__REQUIRED WORK__. Copy every line from the material below that holds "coming".
BEGIN MATERIAL FOR THIS EXERCISE
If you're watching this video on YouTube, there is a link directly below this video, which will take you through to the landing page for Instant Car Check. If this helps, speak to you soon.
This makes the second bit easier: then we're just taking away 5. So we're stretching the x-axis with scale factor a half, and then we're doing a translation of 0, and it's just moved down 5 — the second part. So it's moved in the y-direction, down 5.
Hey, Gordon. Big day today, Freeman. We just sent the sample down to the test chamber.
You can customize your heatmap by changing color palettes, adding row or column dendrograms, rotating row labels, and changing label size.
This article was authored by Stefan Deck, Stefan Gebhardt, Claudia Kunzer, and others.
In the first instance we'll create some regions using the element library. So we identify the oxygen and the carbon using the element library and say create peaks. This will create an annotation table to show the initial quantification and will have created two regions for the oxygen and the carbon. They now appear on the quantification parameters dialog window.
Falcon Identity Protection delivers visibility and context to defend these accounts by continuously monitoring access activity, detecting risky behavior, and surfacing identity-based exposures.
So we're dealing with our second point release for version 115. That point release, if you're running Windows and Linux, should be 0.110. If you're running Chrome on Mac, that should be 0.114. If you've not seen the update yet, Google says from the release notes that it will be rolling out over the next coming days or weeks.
END MATERIAL FOR THIS EXERCISE
BEGIN MATERIAL FOR THIS EXERCISE
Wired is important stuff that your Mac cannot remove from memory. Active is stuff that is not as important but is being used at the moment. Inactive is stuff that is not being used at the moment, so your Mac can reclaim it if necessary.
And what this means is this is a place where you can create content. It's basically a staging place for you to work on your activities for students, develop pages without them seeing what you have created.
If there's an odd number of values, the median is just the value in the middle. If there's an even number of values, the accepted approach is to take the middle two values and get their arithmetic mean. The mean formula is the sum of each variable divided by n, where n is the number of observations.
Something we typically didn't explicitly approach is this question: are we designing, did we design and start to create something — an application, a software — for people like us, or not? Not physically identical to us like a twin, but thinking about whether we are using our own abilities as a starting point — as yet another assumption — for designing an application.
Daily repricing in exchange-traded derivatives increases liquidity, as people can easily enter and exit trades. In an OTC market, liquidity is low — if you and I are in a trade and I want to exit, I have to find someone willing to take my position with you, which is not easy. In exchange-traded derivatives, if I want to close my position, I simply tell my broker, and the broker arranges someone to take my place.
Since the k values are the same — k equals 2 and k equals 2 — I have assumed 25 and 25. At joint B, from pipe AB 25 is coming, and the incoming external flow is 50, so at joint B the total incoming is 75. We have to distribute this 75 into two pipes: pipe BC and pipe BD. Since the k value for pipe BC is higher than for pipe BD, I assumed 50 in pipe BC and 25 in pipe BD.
END MATERIAL FOR THIS EXERCISE
BEGIN MATERIAL FOR THIS EXERCISE
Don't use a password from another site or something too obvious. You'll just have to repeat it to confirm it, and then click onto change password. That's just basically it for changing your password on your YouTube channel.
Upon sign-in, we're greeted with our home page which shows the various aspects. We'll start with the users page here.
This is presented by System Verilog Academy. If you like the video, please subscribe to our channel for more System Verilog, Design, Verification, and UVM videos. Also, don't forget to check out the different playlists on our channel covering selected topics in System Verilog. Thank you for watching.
END MATERIAL FOR THIS EXERCISE
__FINISHED TASK__.
So we're dealing with our second point release for version 115. That point release, if you're running Windows and Linux, should be 0.110. If you're running Chrome on Mac, that should be 0.114. If you've not seen the update yet, Google says from the release notes that it will be rolling out over the next coming days or weeks.
Since the k values are the same — k equals 2 and k equals 2 — I have assumed 25 and 25. At joint B, from pipe AB 25 is coming, and the incoming external flow is 50, so at joint B the total incoming is 75. We have to distribute this 75 into two pipes: pipe BC and pipe BD. Since the k value for pipe BC is higher than for pipe BD, I assumed 50 in pipe BC and 25 in pipe BD.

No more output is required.